WP神戸イーストが開発したローシャーシ仕様のKTM/ハスクバーナで、足つき性の不安を解消‼

掲載日/2023年4月4日
取材協力/KTM神戸イースト/ハスクバーナ・モーターサイクルズ神戸イースト/WP神戸イースト
取材、文/中村友彦 写真/富樫秀明
構成/バイクブロス・マガジンズ
シート高の数値を見て、KTM/ハスクバーナを断念……。世の中にはそういうライダーが少なからず存在する。とはいえ、WP神戸イーストが開発したローシャーシ仕様なら、どんなライダーでも敷居の高さは感じないはずだ。

一般的なローダウンとは異なる、独自の開発姿勢

KTM神戸イースト/ハスクバーナ・モーターサイクルズ神戸イースト/WP神戸イーストの店内には、WPサスペンション専用メンテナンス室が設けられている。作業はガラス越しに見学することが可能。
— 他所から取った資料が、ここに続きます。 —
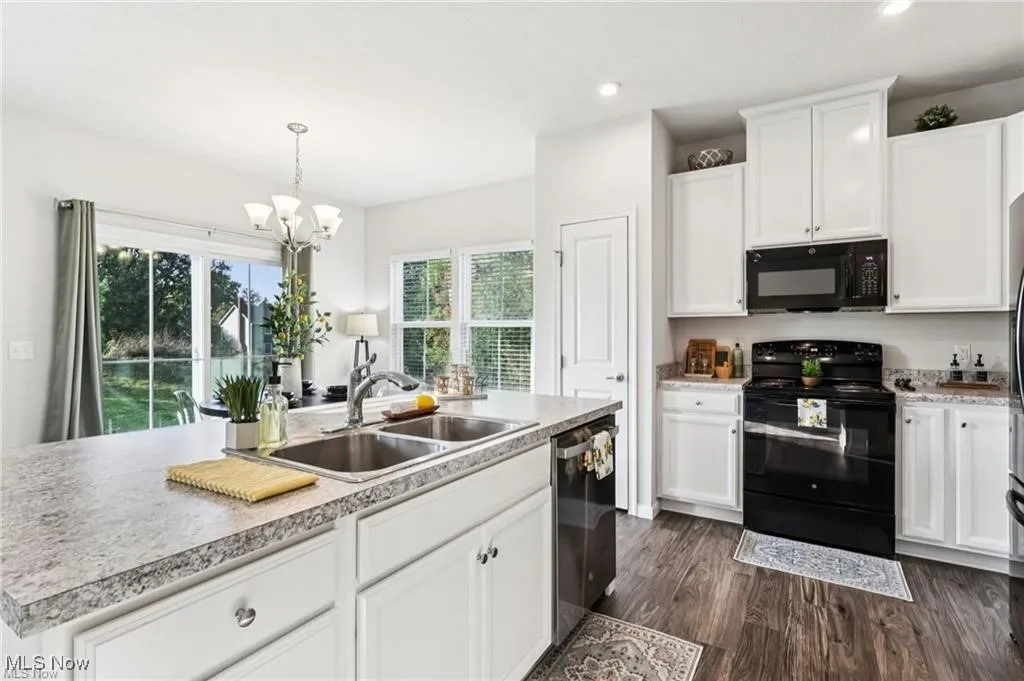 Kitchen with black appliances, white cabinets, light countertops, dark wood-type flooring, and recessed lighting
最近の日本の2輪市場では、足つき性重視の低車高仕様が注目を集めている。具体的な話をするなら、車両メーカーがそういう仕様を設定する事例が増えているし、アフターマーケット市場ではローダウンリンクやローシートなどが人気を獲得している。また、フロントフォークの突き出し量を増やしたり、リアショックのプリロードを弱くしたりといった手法で、販売店が車高を下げて納車するケースもあるようだ。

そんな中で、独創的なスタンスで低車高仕様を開発しているのが、WP神戸イーストである。WPサスペンションを熟知した同店の仕事で興味深いのは、ローダウンではなく、ローシャーシ、ロワリングという言葉を使っていること。その理由を同店代表の山鹿延也さんに尋ねてみると、以下の答えが返ってきた。

サスペンションに関するいろいろな話を聞かせてくれた山鹿さんは、WPの特性を熟知。どんなオーダーにも応えてくれる。

「2輪の世界でローダウンと言うと、シート高を下げることとほぼ同義語になっていますが、当社のローシャーシの最大の特徴は、前後サスペンションを乗り手に合わせることです。もちろん足つき性も大事な要素で、エンドアイや内部のパーツをショートタイプに変更すると、シート高はノーマルより低くなりますが、当社のローシャーシ仕様はメーカーが設定したディメンションや重量配分に対する配慮を十分に行っているので、ノーマルに対するマイナス要素は一切ありません」

ノーデン901のシート高は854/874mm。ロー位置にセットしても、身長168cm、体重60kgの山鹿さんが跨ると、つま先はツンツン状態になる。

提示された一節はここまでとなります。